His mouth prosthetics draw points to each of his cheeks. With the clear goal of making DiCaprio appear harsh, but the sharp angularity they cause stands out in every close-up, and largely in any scene with his face in focus. If Marlon Brando’s mouth prosthetics in “Apocalypse Now” are notable for their ability to accentuate a character’s face and presence and make the role more convincing, DiCaprio’s perform just the opposite.
Scorsese uses natural light to strong effect, in one scene marking De Niro’s King Hale with a dark shadow between his eyebrows on the bridge of his nose while he’s questioned by Jesse Plemons’s Tom White. It’s an effective visual cue to King Hale being marked and targeted. The landscape shots orchestrated by Rodrigo Prieto are impactful. The rolling plains taper off in the distance while in the foreground sits an unassuming home that is center stage for the wickedness the film hinges upon. Sometimes the landscape shows more oil wells than one can count, pumping furiously, and darkening the skyline; implying a sense of things more effectively than any words could.

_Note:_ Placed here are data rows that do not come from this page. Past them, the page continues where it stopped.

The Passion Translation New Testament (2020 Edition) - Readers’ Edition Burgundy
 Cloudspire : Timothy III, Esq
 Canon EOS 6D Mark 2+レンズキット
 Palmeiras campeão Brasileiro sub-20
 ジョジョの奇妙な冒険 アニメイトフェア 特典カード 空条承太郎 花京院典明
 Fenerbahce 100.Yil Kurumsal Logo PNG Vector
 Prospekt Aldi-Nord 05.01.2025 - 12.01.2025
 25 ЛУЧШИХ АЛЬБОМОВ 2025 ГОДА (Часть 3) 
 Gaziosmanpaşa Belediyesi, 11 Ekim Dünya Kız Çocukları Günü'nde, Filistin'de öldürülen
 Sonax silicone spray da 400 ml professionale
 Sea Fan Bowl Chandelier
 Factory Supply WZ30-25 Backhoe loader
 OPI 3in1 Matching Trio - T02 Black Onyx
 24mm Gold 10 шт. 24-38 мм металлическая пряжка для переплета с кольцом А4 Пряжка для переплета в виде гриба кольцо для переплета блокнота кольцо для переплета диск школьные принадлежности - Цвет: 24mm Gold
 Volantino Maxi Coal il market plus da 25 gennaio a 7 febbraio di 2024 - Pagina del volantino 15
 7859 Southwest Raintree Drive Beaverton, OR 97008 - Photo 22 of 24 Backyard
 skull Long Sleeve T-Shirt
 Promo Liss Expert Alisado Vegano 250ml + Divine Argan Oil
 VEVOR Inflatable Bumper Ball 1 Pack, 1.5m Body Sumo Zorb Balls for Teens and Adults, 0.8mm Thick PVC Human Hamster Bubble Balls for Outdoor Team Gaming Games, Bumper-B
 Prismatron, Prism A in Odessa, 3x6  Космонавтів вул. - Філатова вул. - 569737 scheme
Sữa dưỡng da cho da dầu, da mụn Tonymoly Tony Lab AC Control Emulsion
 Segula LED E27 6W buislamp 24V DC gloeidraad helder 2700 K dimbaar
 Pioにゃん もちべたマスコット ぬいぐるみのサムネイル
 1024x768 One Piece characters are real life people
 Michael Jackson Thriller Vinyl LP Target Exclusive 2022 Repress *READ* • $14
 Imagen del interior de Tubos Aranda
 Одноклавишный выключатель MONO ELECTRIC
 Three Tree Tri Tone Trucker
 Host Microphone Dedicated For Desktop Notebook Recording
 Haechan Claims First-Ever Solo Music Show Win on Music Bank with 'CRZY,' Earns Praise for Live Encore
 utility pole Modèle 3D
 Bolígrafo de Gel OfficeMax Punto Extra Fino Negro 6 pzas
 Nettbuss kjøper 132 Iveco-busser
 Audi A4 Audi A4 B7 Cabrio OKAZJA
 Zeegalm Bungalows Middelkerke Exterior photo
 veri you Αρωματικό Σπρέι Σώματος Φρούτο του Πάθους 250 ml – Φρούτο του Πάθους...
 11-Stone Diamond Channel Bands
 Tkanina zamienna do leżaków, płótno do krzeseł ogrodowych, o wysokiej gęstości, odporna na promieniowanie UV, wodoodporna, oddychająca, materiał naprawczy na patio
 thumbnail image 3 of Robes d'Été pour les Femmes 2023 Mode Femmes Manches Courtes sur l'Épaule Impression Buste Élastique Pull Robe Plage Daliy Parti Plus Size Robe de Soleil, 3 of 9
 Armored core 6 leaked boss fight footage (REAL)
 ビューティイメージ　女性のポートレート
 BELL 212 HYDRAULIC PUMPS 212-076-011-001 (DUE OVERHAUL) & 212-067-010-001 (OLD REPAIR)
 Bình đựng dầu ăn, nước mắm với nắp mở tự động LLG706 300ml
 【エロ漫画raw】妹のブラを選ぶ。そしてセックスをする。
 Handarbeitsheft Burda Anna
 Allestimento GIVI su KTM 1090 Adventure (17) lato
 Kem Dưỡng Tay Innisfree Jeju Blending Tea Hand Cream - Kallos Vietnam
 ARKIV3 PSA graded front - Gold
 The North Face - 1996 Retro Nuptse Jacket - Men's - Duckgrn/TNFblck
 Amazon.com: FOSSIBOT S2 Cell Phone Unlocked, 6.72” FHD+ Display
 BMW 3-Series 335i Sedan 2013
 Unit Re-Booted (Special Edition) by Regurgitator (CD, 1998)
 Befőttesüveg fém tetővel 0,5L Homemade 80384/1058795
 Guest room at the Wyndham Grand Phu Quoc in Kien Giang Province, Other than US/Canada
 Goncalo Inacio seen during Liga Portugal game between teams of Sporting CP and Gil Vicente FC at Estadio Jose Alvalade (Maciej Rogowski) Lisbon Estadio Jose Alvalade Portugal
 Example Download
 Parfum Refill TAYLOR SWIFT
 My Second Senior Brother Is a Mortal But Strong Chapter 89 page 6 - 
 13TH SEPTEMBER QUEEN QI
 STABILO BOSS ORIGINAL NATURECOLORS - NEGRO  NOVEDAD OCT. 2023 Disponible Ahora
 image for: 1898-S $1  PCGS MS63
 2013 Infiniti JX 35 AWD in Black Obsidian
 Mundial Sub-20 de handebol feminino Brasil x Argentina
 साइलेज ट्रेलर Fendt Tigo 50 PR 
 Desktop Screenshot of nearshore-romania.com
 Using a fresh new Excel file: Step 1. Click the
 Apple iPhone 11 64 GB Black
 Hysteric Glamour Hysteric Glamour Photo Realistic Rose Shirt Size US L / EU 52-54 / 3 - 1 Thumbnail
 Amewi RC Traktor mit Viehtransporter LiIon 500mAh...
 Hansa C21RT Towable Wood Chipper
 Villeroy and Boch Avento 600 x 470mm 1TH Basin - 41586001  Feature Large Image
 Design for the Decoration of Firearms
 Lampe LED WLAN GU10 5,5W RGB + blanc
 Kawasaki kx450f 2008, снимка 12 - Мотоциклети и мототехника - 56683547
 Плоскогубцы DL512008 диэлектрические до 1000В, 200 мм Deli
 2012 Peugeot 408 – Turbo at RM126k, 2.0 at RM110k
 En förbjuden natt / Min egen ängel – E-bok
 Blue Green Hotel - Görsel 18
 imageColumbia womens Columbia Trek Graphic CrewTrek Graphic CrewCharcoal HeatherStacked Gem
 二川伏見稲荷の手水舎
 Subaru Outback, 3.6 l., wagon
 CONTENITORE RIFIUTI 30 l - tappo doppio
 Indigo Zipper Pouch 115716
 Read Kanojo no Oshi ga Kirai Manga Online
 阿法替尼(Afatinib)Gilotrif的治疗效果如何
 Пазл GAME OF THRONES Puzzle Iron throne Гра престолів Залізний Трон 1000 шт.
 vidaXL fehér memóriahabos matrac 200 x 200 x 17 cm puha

Lily Gladstone as Mollie Burkhart is the star of “Killers of the Flower Moon.” Poked, prodded, and lied to, she not only stands in allegorically for survivors of the killings but brings authenticity and humanity to a film that is heinous to the point of cartoonishness. “Killers of the Flower Moon” is a strong historical retelling of an abominable series of killings. But it suffers for straddling the line between an American biopic and a Scorsese gangster film.